Martin Tielli

By Peter Hemminger

It’s time to face facts: I’m just an awkward white boy at heart. Despite efforts to expand in funkier directions, to shake it like that proverbial Polaroid picture, my album of the year once again resides in the realm of rock and roll.

At least, on the fringe of rock and roll.

Martin Tielli has never been one to be easily classified. He’s rock in the same sense that Queen is rock, or that Outkast is hip hop. It’s just the easy label.

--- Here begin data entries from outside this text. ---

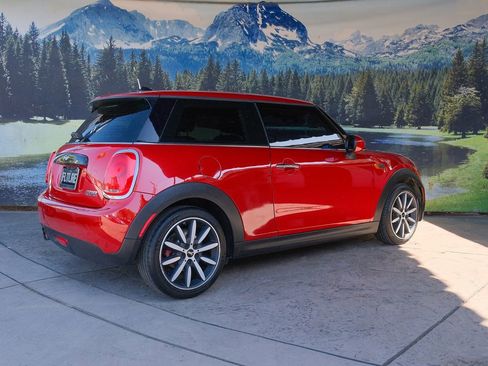 Used 2016 MINI Cooper 2-Door Hardtop FWD image 5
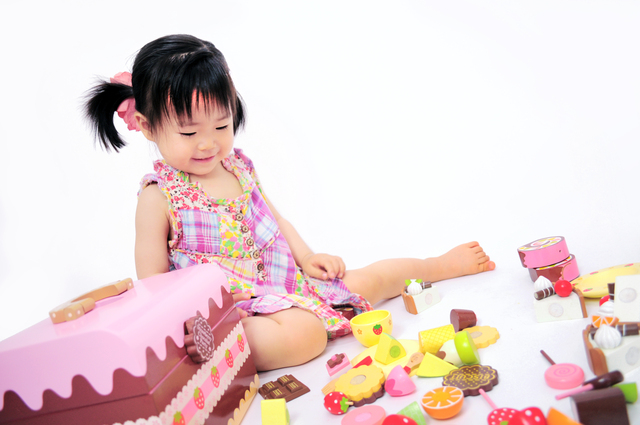 おもちゃで遊ぶ女の子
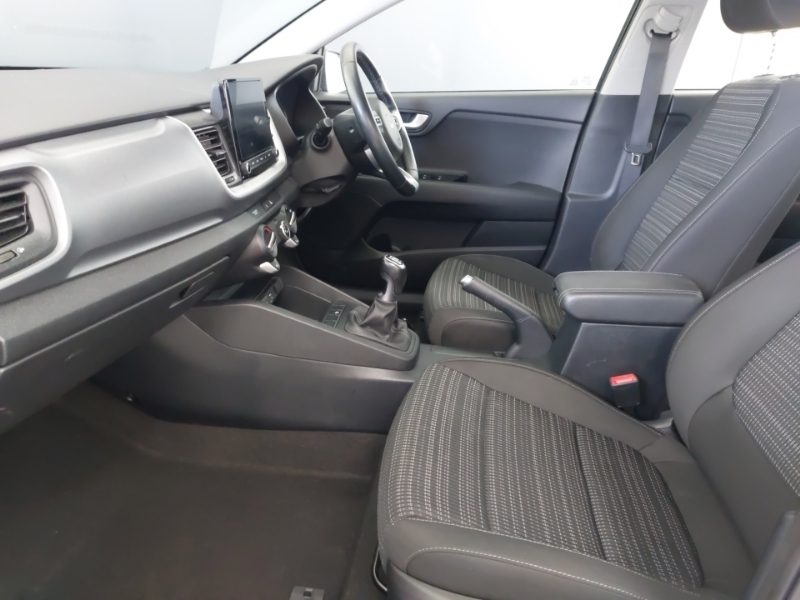 Kia Stonic 1.0T Gdi 99 2 MM71YUL Black #5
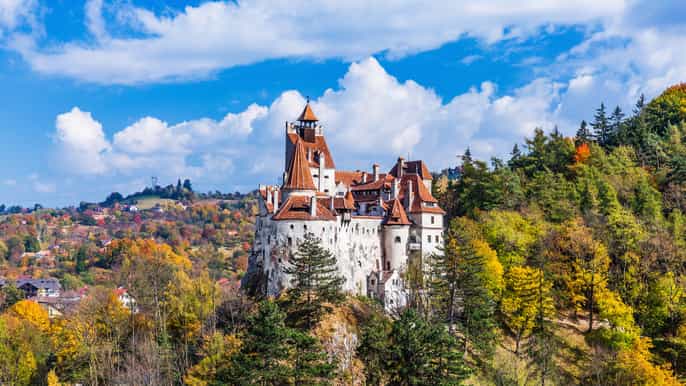 viaggio ai castelli di peles e dracula con pernottamento a brasov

The first words on Operation Infinite Joy are "I hate you all," and while it isn’t the harshest opening to a pop album this year, it is a call to attention. What follows is one of the most theatrical, creative and, dare I say it, splendiferous albums to emerge in years. It’s more focused than his works with the Rheostatics, richer than its darker but equally wonderful acoustic predecessor We Never Suspected He Was The Poppy Salesman, and far more accessible than his work as Nick Buzz. All of which make it an ideal entry point to Tielli’s superb catalog.

The unconventional voice, impressionist lyrics and occasionally flamboyant guitar work may not make for the easiest first listen, and it could take a few tries to become fully immersed, but it’s time well spent. From piano stomps to gospel romps to gothic choirs, there’s a magic to Tielli’s music that’s nearly impossible to find elsewhere.